Bezüglich weiterer Einzelheiten des Sachverhalts wird auf die Gerichts- und Behördenakten verwiesen.
II.
Nach § 166 Abs. 1 VwGO i. V. m. § 114 Abs. 1 Satz 1 ZPO erhält ein Beteiligter auf Antrag Prozesskostenhilfe nur dann, wenn er nach seinen persönlichen und wirtschaftlichen Verhältnissen die Kosten der Prozessführung nicht, nur zum Teil oder nur in Raten aufbringen kann und wenn die beabsichtigte Rechtsverfolgung oder Rechtsverteidigung hinreichende Aussicht auf Erfolg bietet und nicht mutwillig erscheint. Nach § 115 Abs. 3 Satz 1 ZPO hat der Beteiligte sein Vermögen einzusetzen, soweit dies zumutbar ist. Nach § 115 Abs. 3 Satz 2 ZPO i. V. m. § 90 Abs. 1 SGB XII gehört zum Vermögen das gesamte verwertbare Vermögen des Beteiligten einschließlich seines Grundeigentums. Unberücksichtigt bleibt insoweit lediglich ein angemessenes Hausgrundstück im Sinn des § 115 Abs. 3 Satz 2 ZPO i.V.m § 90 Abs. 2 Nr. 8 SGB XII, das unter anderem von ihm allein oder zusammen mit Angehörigen ganz oder teilweise bewohnt wird. Dagegen sind sonstige Immobilien oder unbebaute Grundstücke durch Beleihung oder durch – gegebenenfalls teilweisen – Verkauf uneingeschränkt als Vermögen einzusetzen. Diese Grundstücke sind durch § 90 Abs. 2 Nr. 8 SGB XII nicht geschützt (BayVGH, B. v. 28.12.2015 – 15 C 15.2378 – juris Rn. 3; BSG, B. v. 9.1.2015 – B 10 LW 1/14 BH – juris Rn. 5; BVerwG, B. v. 8.10.2013 – 2 PKH 6.13 u. a. – juris Rn. 2 ff.).
Nach diesem Maßstab muss der Kläger die Kosten der Prozessführung für seine Klage auf Verpflichtung zur Erteilung einer Genehmigung zum Führen der Berufsbezeichnung „Ingenieur“ selbst aufbringen. Ausweislich des vom Kläger vorgelegten Mietvertrags nutzt er an seinem Wohnort mit seiner Familie eine aus u. a. vier Zimmern bestehende rund 89 m² große Mietwohnung.

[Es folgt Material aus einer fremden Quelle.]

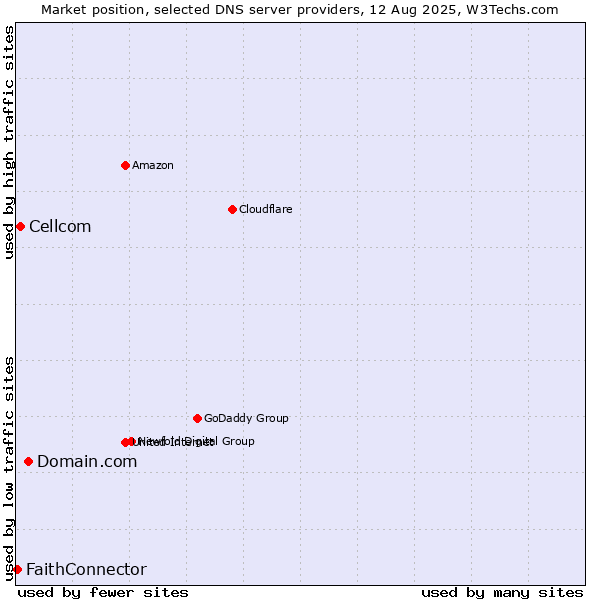 Market position of Domain.com vs. Cellcom vs. FaithConnector
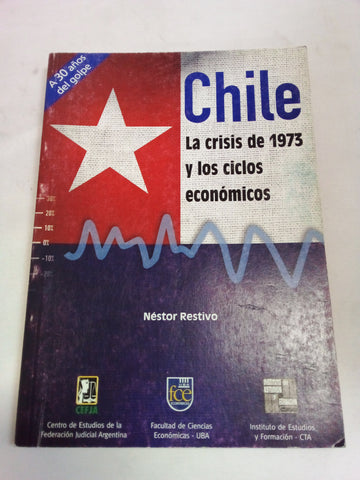 Chile, La Crisis de 1973 y Los Ciclos Economicos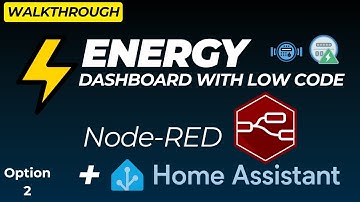 Automate Smart Meter Readings with Node-RED & Home Assistant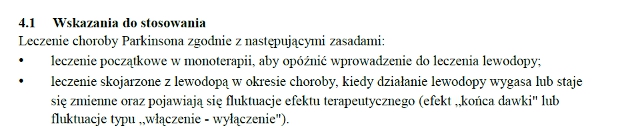 Wskazania wg ChPL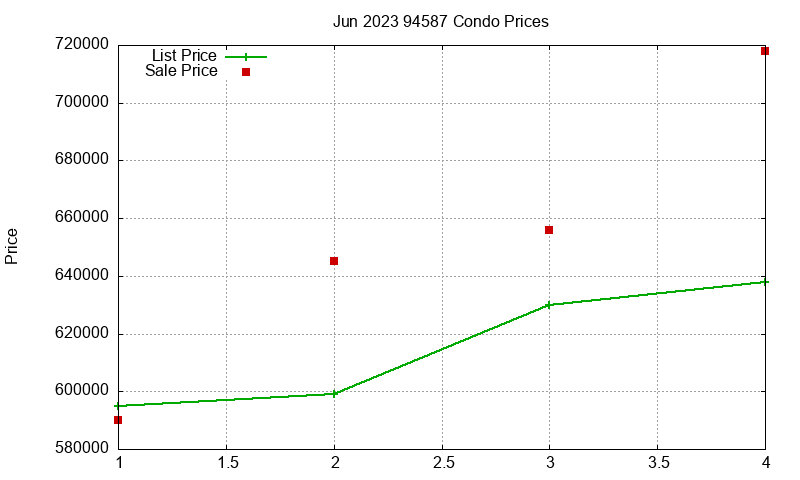 94587 Condos Just Sold 2023-06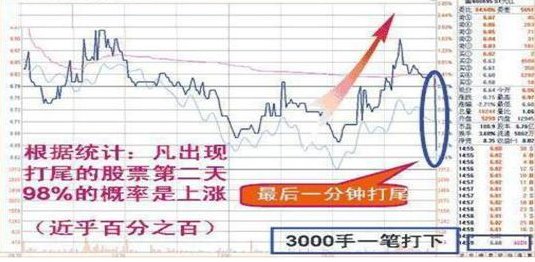 A股大佬良心坦言：但凡股价第二日涨停，“尾盘30分钟”必定提前出现这特征，连主力都无可奈何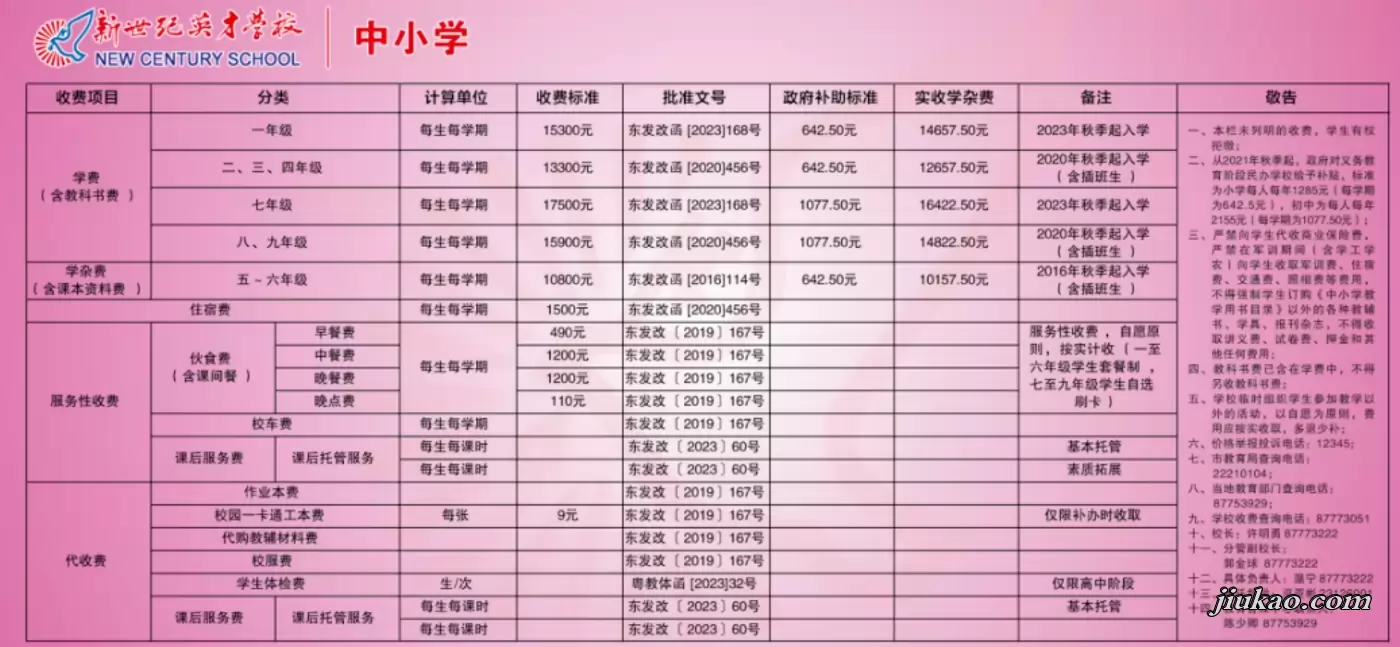 2025年东莞市新世纪英才学校收费标准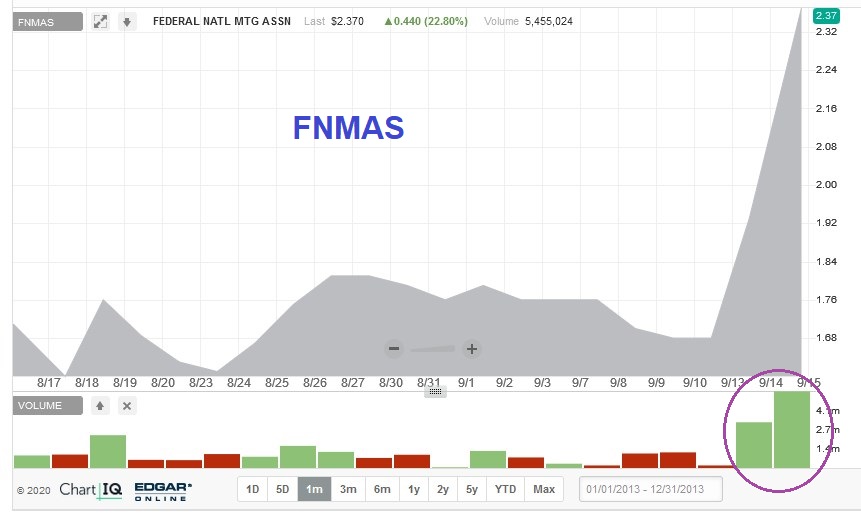 Potential ohne ENDE? 1274188
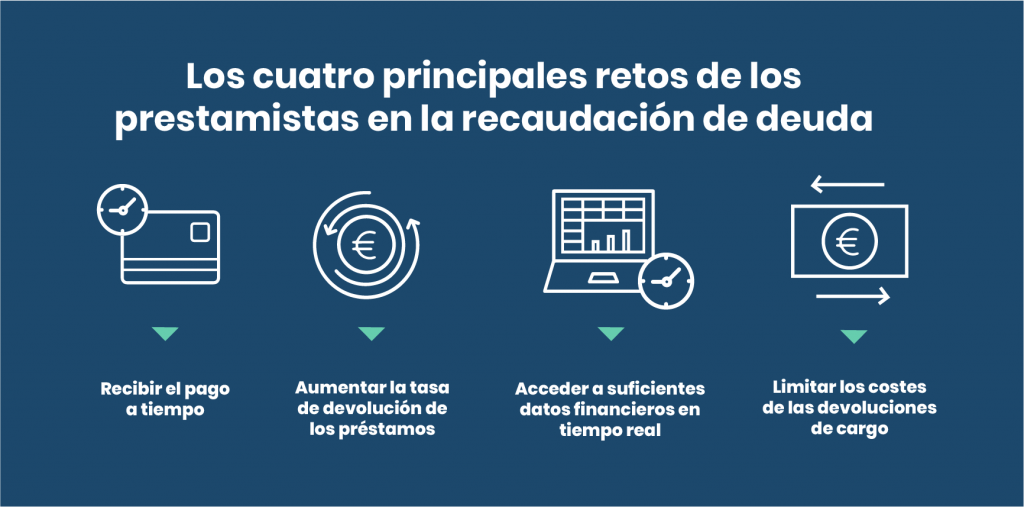 principales retos de los prestamistas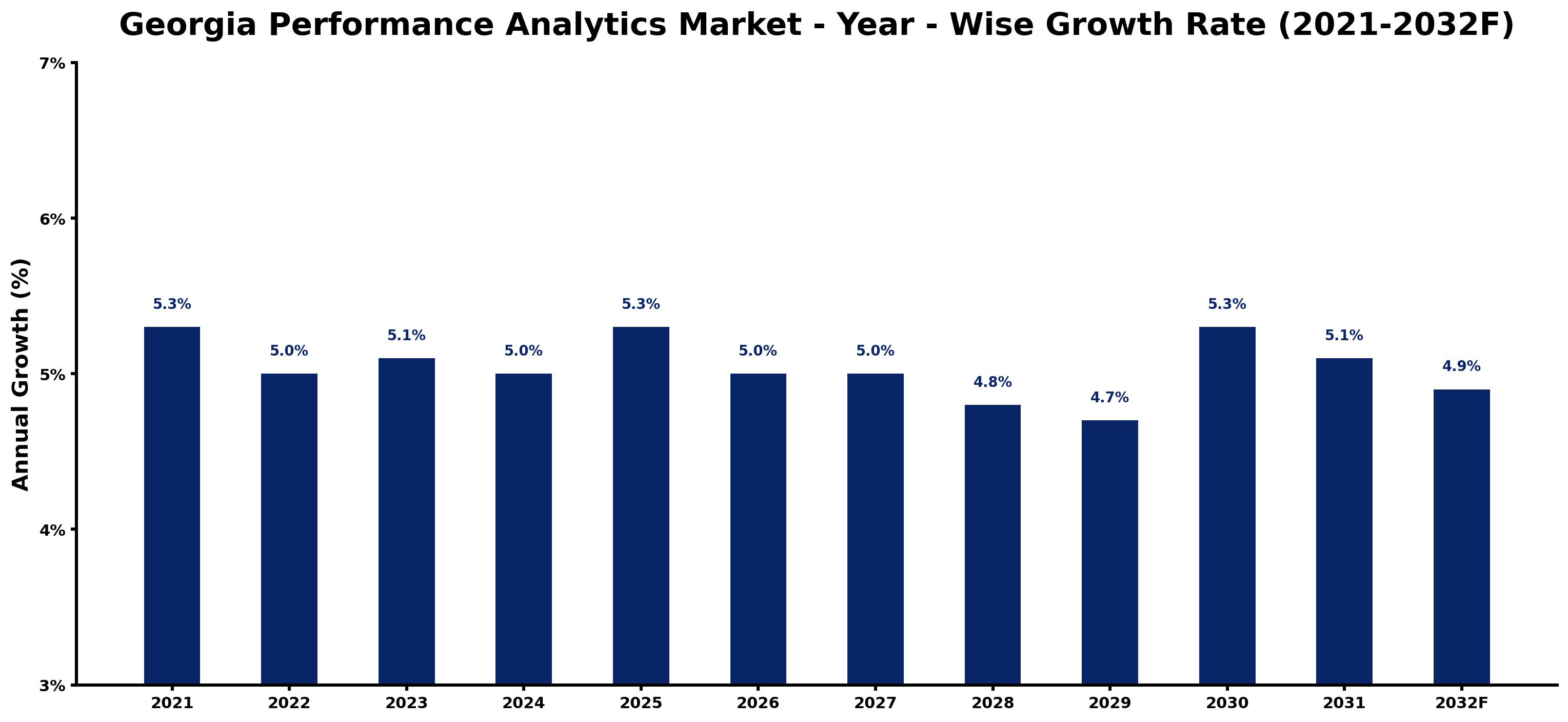 Georgia Performance Analytics Market Year-wise Growth Rate and Key Drivers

Ferner verfügt er im Ausland über eine in seinem Alleineigentum befindliche Wohneinheit mit einer Größe von 73,51 m², dessen Wert er mit 73.510 EUR beziffert. Grundbesitz im Ausland ist jedoch kein Schonvermögen im Rahmen der Prozesskostenhilfegewährung. Es ist zur Prozessfinanzierung zu verwerten, wenn dies zumutbar ist (vgl. OLG Bamberg, B. v. 2.8.2013 – 4 U 38/13 – juris Rn. 26; OLG Stuttgart, B. v. 19.1.2006 – 5 W 66/05 – juris Rn. 9; OLG Koblenz, B. v. 19.12.2005 – 7 WF 1126/05 – juris Rn. 5). Dass das im Ausland befindliche Grundstück derzeit nicht verwertbar wäre, hat der Kläger nicht dargelegt und ist auch nicht ersichtlich.
Damit kommt es auf die Einkommenslage im Übrigen sowie auf die Erfolgsaussichten der Klage nicht mehr entscheidungserheblich an.
Der Beschluss ist unanfechtbar (§ 146 Abs. 2 VwGO).